Furthermore, the IPOs of alternative asset managers like Carlyle may be attractive, regardless of the form they take, because they allow investors to gain exposure to alternative asset classes, even if their net worth does not qualify them to invest in buyout or hedge funds.
Finally, another reason these IPOs may find buyers is that no one seems to care, at least initially, about the loss of control and accountability the LP form represents. If this were true, it would fit with an established body of academic work noting that investors seem to accept, at the IPO stage, governance features such as classified boards that they widely oppose as value-destroying when they are given the opportunity to vote on them later on. While this seems puzzling, we think the contradiction may disappear when one realizes that the "investors" who fail to discount IPOs with bad governance are not the same as the "investors" who vote against poor governance features. In our experience, the employees at an investment manager or mutual fund company who make buy and sell decisions are very often different from the employees who make decisions about proxy voting and corporate governance engagement (indeed, in some cases, the two are separated by a firewall). If governance data are often not thoroughly considered or understood by investment personnel, it would make sense that governance features are not fully reflected in IPO prices. If this information later is recognized by the market, however, the value of the investment could decline.
Financial Innovation Alert
There are also other reasons to be cautious about the recent raft of LP IPOs.

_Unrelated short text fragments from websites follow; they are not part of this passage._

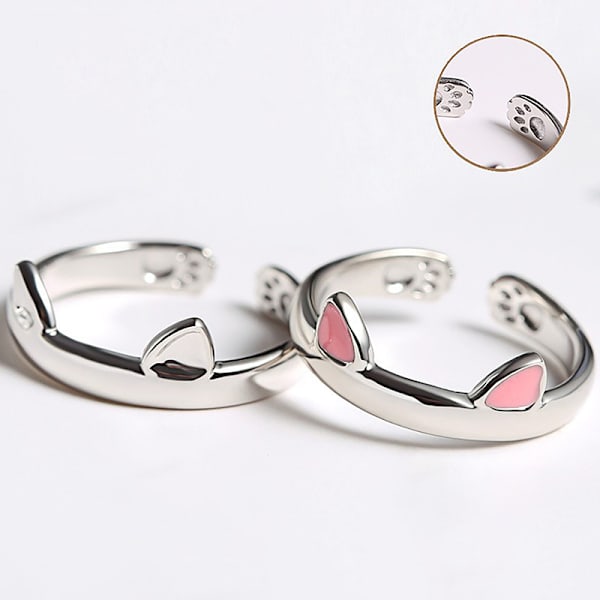Fashion e Cat Ear Open Justerbar Fingerring For Damesmykker C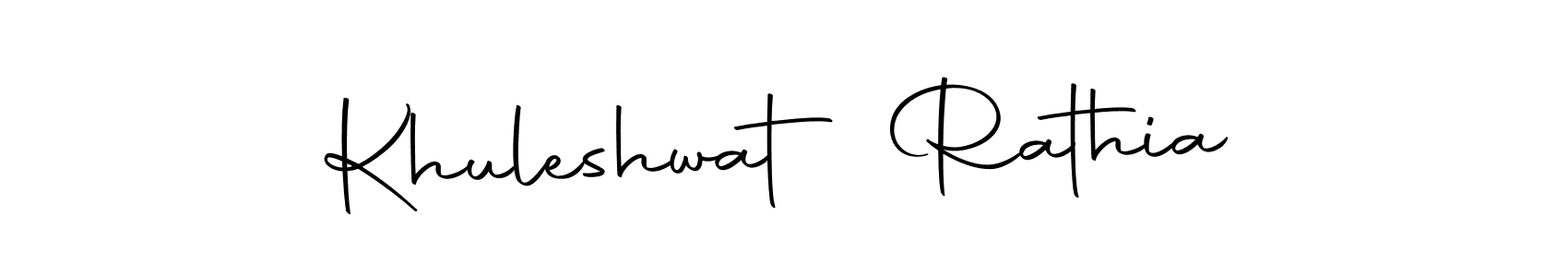 How to make Khuleshwat Rathia name signature. Use Autography-DOLnW style for creating short signs online. This is the latest handwritten sign. Khuleshwat Rathia signature style 10 images and pictures png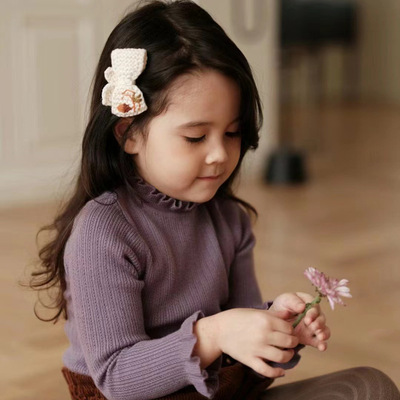 children Lotus leaf collar Sweater Female baby lace Half a Long sleeve wool Base coat Autumn and winter girl jacket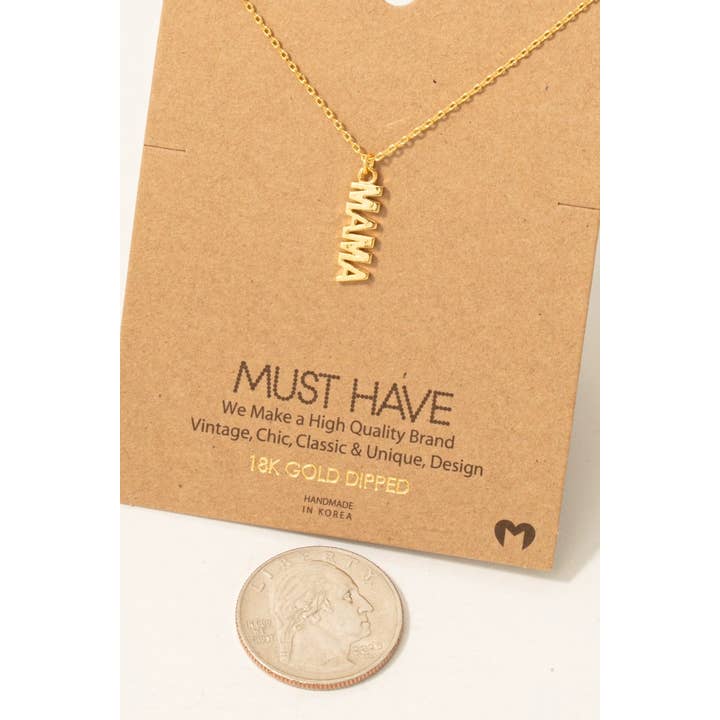 Fame Accessories - Wholesale Pendant/Charm Necklace - Gold Dipped Flat Mama Pendant Necklace
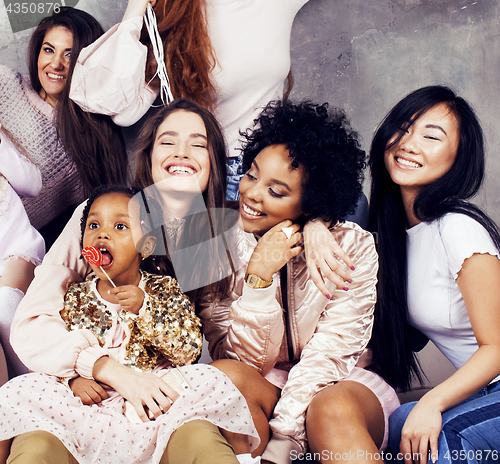 Image of Lifestyle and people concept: young pretty diversity nations woman with different age children celebrating on birth day party together happy smiling, making selfie. African-american, asian and caucasi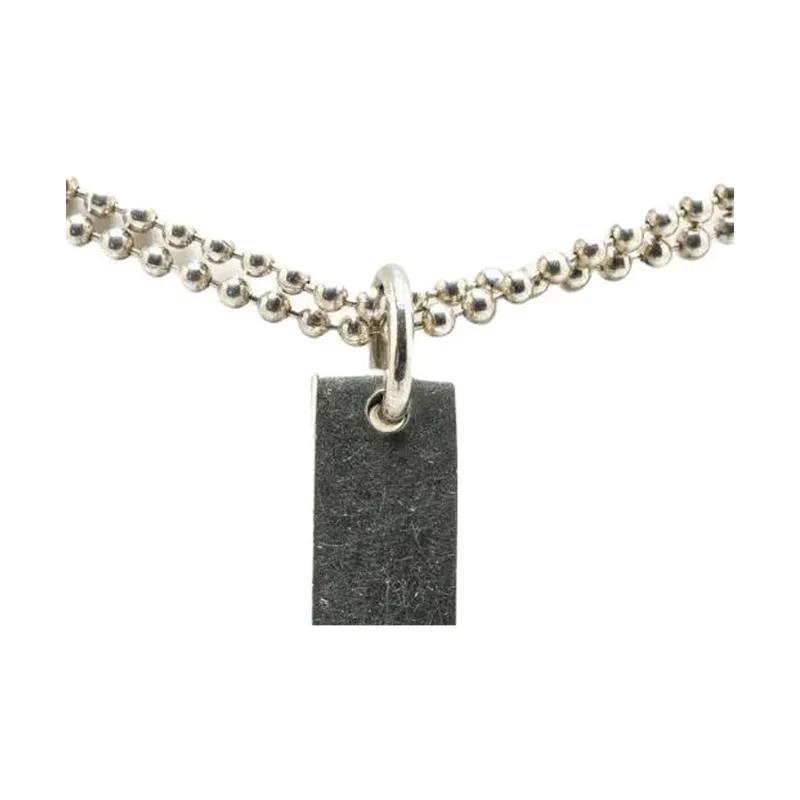 GUCCI 20th Century Sterling Silver Double Ball Chain Plate Pendant Necklace-1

One is that, in many cases, the companies choosing to make their public-market debut in this form operate in businesses that are by their nature complex and opaque. Carlyle's business of alternative asset management is one example. As Carlyle states in its registration statement, "There are often no readily ascertainable market prices for a substantial majority of illiquid investments of our investment funds. . . . [Valuation methodologies for these assets] involve a significant degree of management judgment." Investors should be cautious, we think, about investing in a difficult-to-understand business in which management has a great deal of discretion and in which accountability to investors is lacking.
Yet another red flag, in our view, is the fact that a number of the companies that have gone public as LPs in recent years have been assisted by the same corporate services firms,who seem to be seizing upon this as a profitable niche. (For example, law firm Simpson Thacher and Bartlett has worked on the IPOs of Blackstone, KKR, and Carlyle.)While we're all for creativity and profit-making, we note that in several cases in recent history, when a small group of highly-paid professionals developed a new financial vehicle and benefited handsomely from it, the investing public later wound up paying the price. (Think of the credit-default swap or the collateralized debt obligation - both of which, remember, were supposed to be good for investors.) To be sure, there is no evidence that LPs are a ticking time bomb of that scale, but there is certainly enough evidence to advise: "buyer beware."